The starting point is that some statistical techniques are *transparent*: if you regress wages on education, we all understand that omitting skill biases this relationship upward, and that if we know the covariance of skill and education, we have some idea of the magnitude of the bias. Andrews’ idea is to take the same idea more broadly to any *moment-based* estimate. If you have some guess about how an assumption affects particular moments of the data, then you can use a particular matrix to approximate how changes in those moments affect the parameters we care about. Consider this example. In a well-known paper, Dellavigna et al find that door-to-door donations to charity are often just based on social pressure. That is, we give a few bucks to get this person off our doorstep without being a jerk, not because we care about the charity. The model uses variation in whether you knew the person was coming to your doorstep alongside an assumption that, basically, social pressure drives small donations with a different distribution from altruistic/warm glow donations. In particular, the estimate of social pressure turns out to be quite sensitive to donations of exactly ten dollars. Using the easy-to-compute matrix in Andrews et al, you can easily answer, as a reader, questions like “how does the estimate of social pressure change if 10% of households just default to giving ten bucks because it is a single bill, regardless of social pressure vs. warm glow?” I think there will be much more role for ex-post dashboard/webapp type analyses by readers in the future: why should a paper restrict to the particular estimates and robustness the authors choose? Just as open data is not often required, I wouldn’t be surprised if “open analysis” in the style of this paper becomes common as well.

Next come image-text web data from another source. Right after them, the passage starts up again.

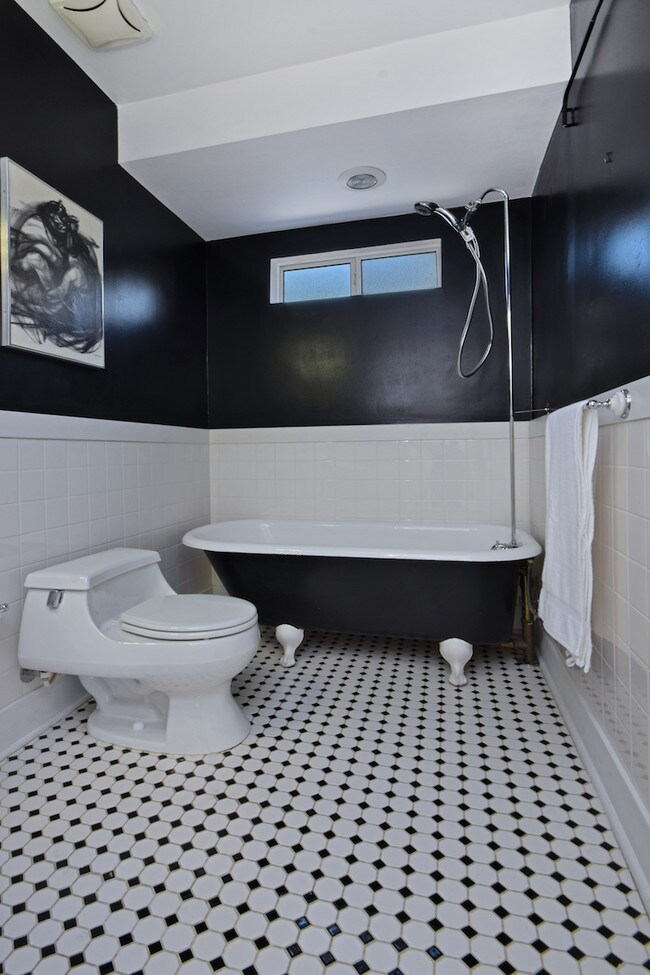 Building Photo - 10633 Chiquita St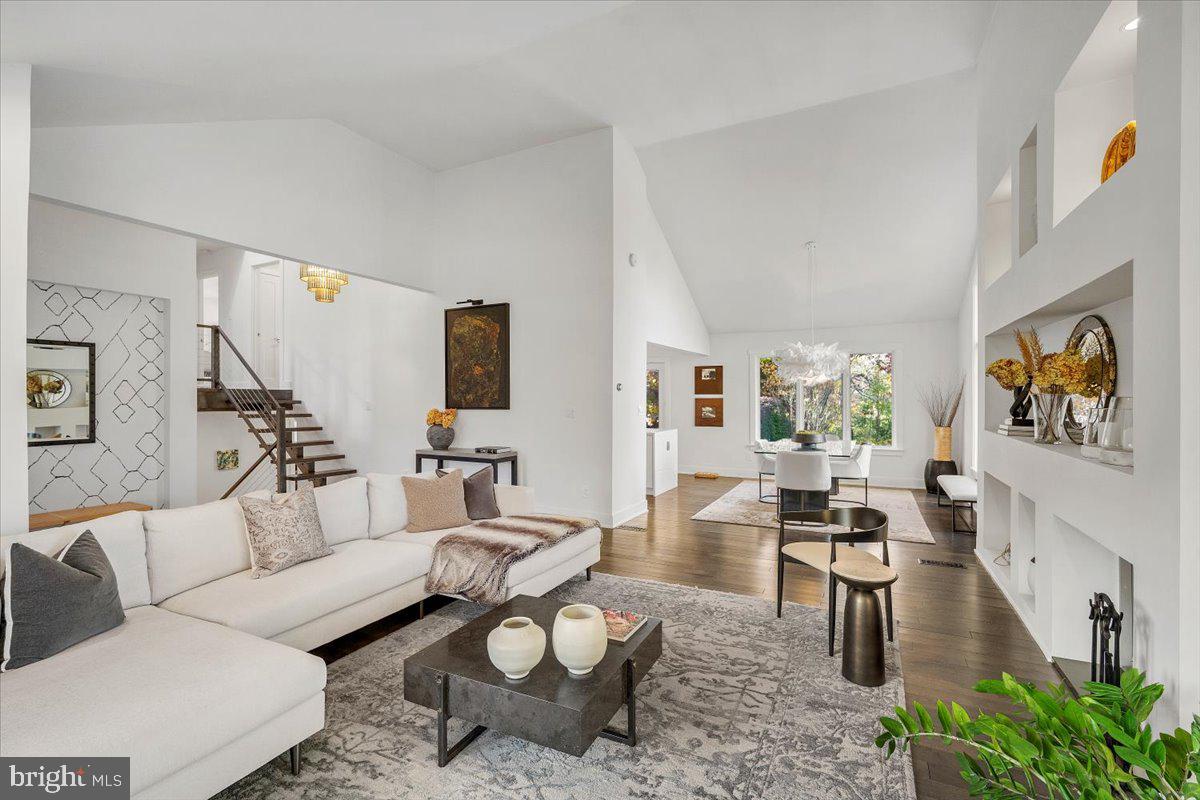 10801 SPRING KNOLL DRIVE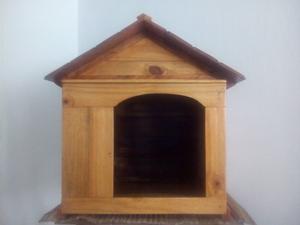 >Casita para perro pequeño. Barnizada y protegida. Cucha<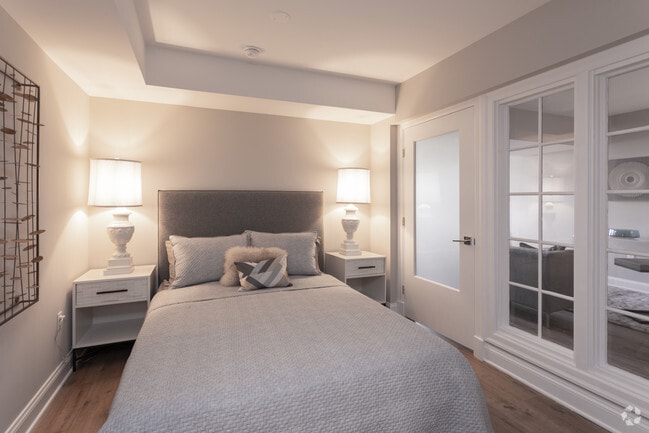 1BR, 1BA - 635 SF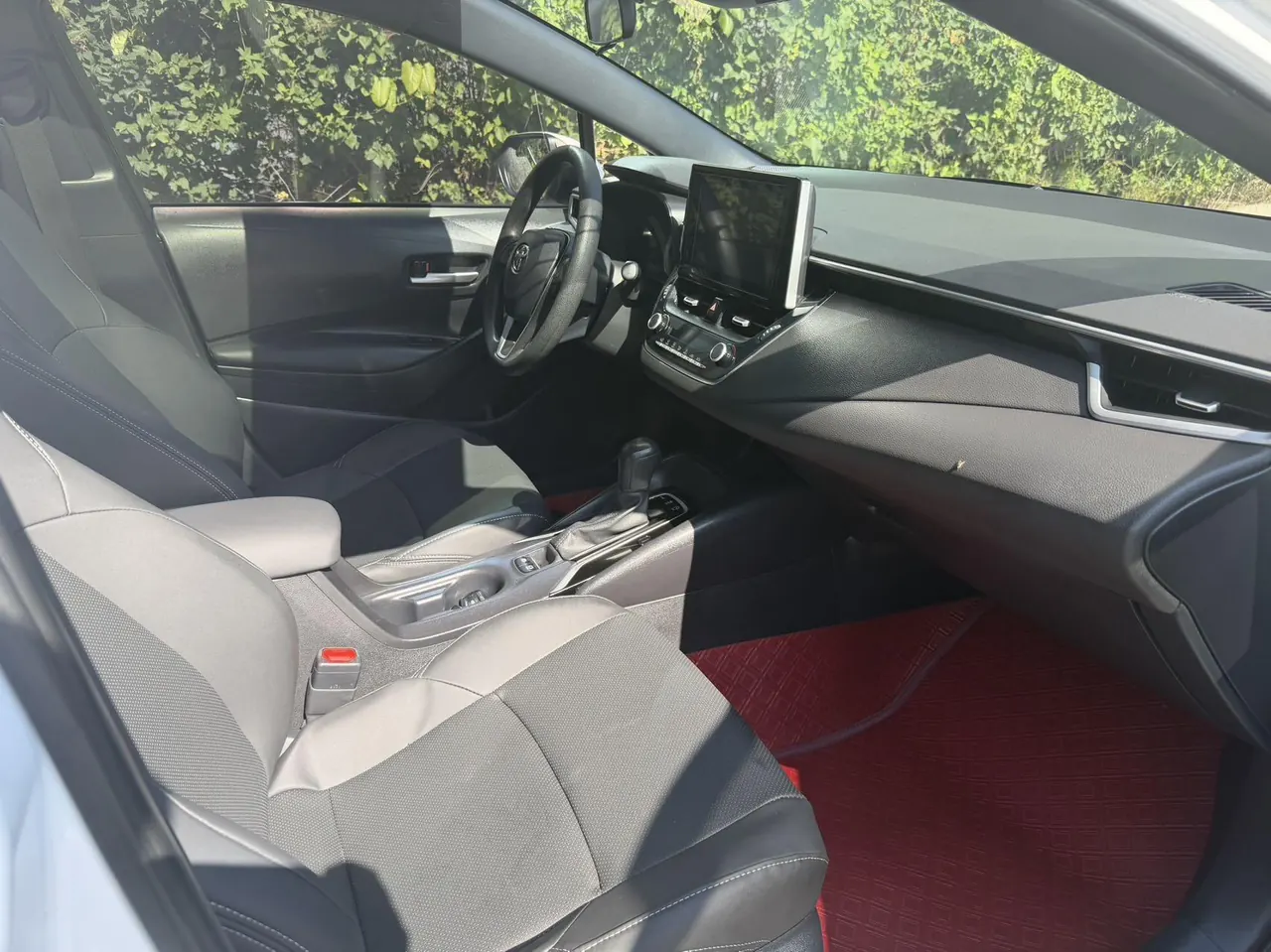 Toyota 2022 Lei Ling 1.2T Stepless 185T Deluxe Automatic Gear 13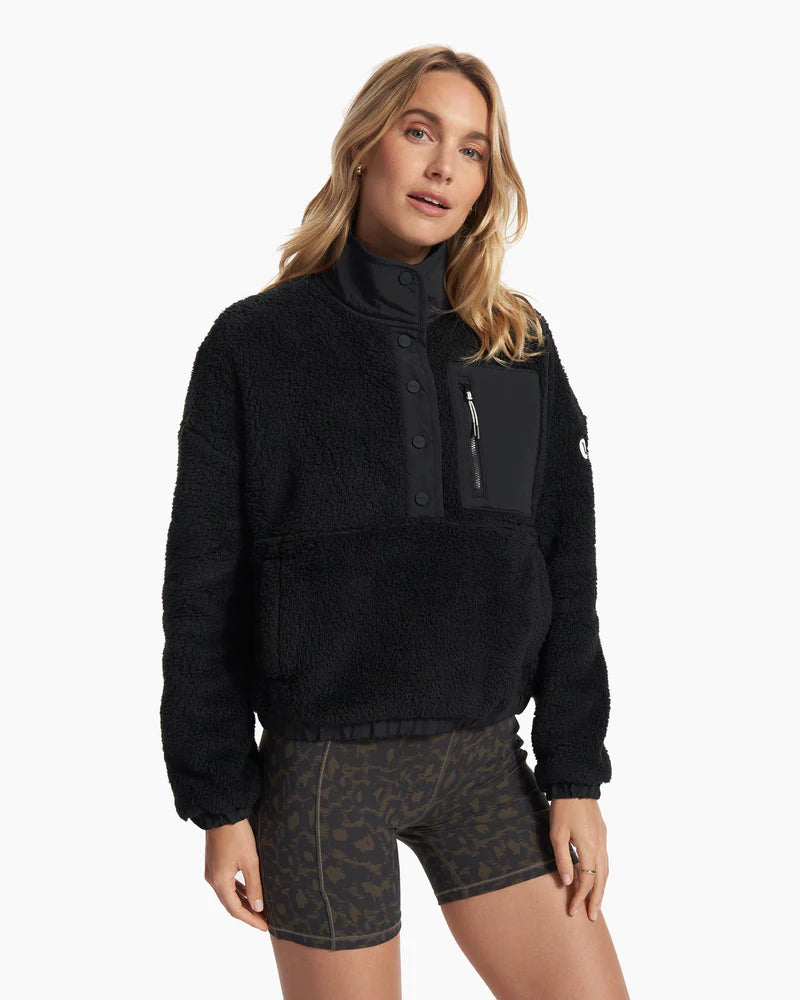 VUORI JACKET COZY SHERPA POPOVER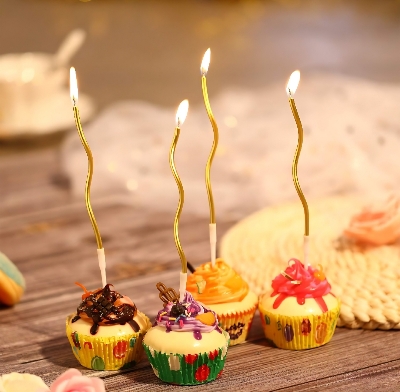 Picture of Spiral Twisty Gold Long Stick Metallic Candle for Birthday, Wedding Party, and Cake Decoration - (Pack of 06 Pcs) - Gold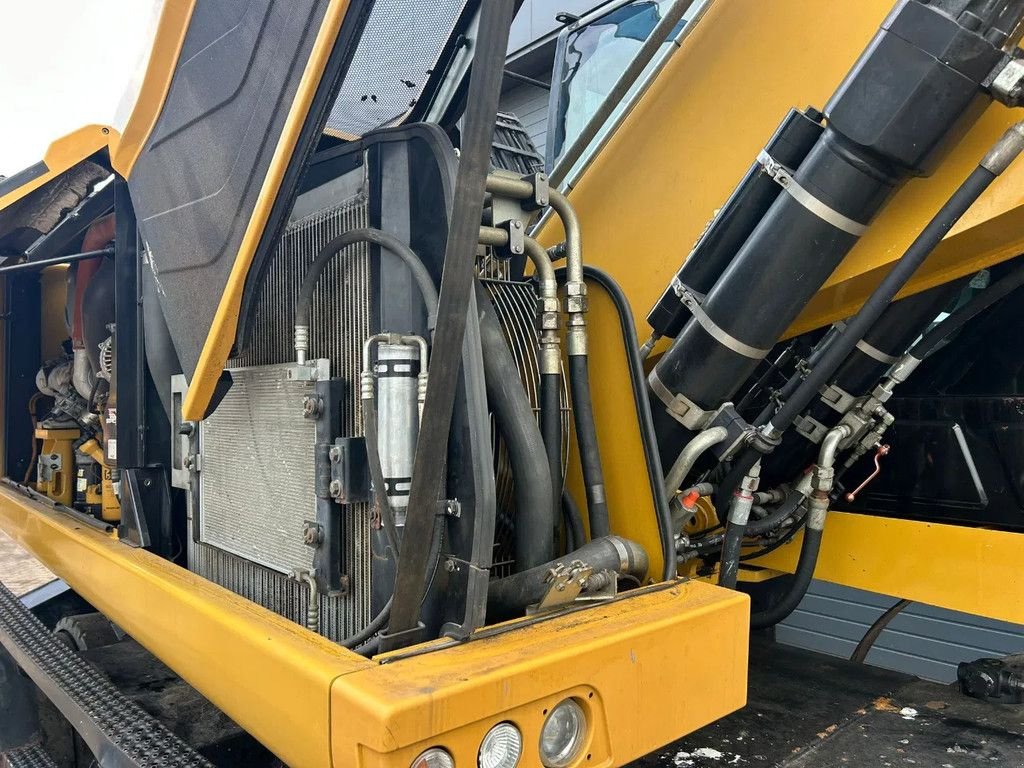 Kran van het type Caterpillar MH3022, Gebrauchtmaschine in Barneveld (Foto 9)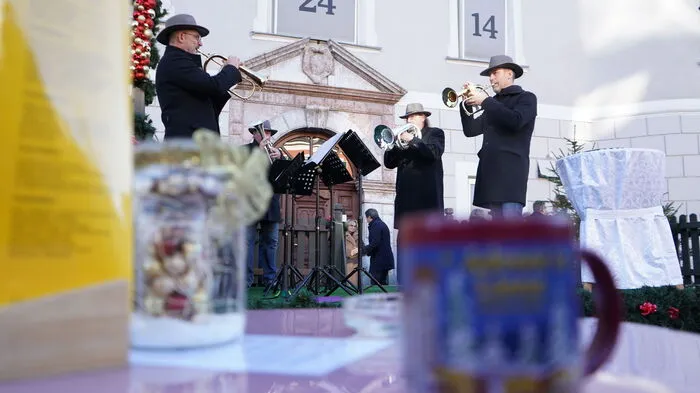 Eine Abordnung von Anras Brass spielte am Christkindlmarkt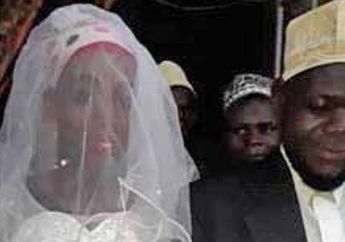 Pantas Selalu Menolak Diajak Berhubungan Intim, Pria Ini Tak Sadar Ternyata 'Menikahi Pria', Padahal Pengantin Pria adalah Iman Masjid, Akhirnya Begini Nasibnya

A few remaining bagatelles: Andrews’ work is much broader than just what has been discussed here, of course. First, in a very nice applied theory paper in the AER, Andrews and Dan Barron show how a firm like Toyota can motivate its suppliers to work hard even when output is not directly contractible. Essentially, recent high performers become “favored suppliers” who are chosen whenever the planner believes their productivity in the current period is likely quite high. Payoffs to the firm with this rule are strictly higher than just randomly choosing some supplier that is expected to be productive today, due to the need to dynamically provide incentives to avoid moral hazard. Second, in work with his dissertation advisor Anna Mikusheva, Andrews has used results from differential geometry to perform high-powered inference when the link between structural parameters and the outcome of interest is highly non-linear. Third, in work with Max Kasy, Andrews shows a much more powerful way to identify the effect of publication bias that simply comparisons of the distribution of p-values around “significance” cutoffs. Fourth, this is actually the second major prize for econometrics this year, as Silvana Tenreyro won the “European Clark”, the Yrjo Jahnsson Award, this year alongside Ricardo Reis. Tenreyro is well-known for the ppml estimator is her “log of gravity” paper with Santos Silva. One wonders who will be the next Nobel winner in pure econometrics, however: a prize has not gone to that subfield since Engle and Granger in 2003. I could see it going two ways: a more “traditional” prize to someone like Manski, Hausman, or Phillips, or a “modern causal inference” prize to any number of contributors to that influential branch. Finally, I realize I somehow neglected to cover the great Melissa Dell’s Clark prize last year – to be rectified soon!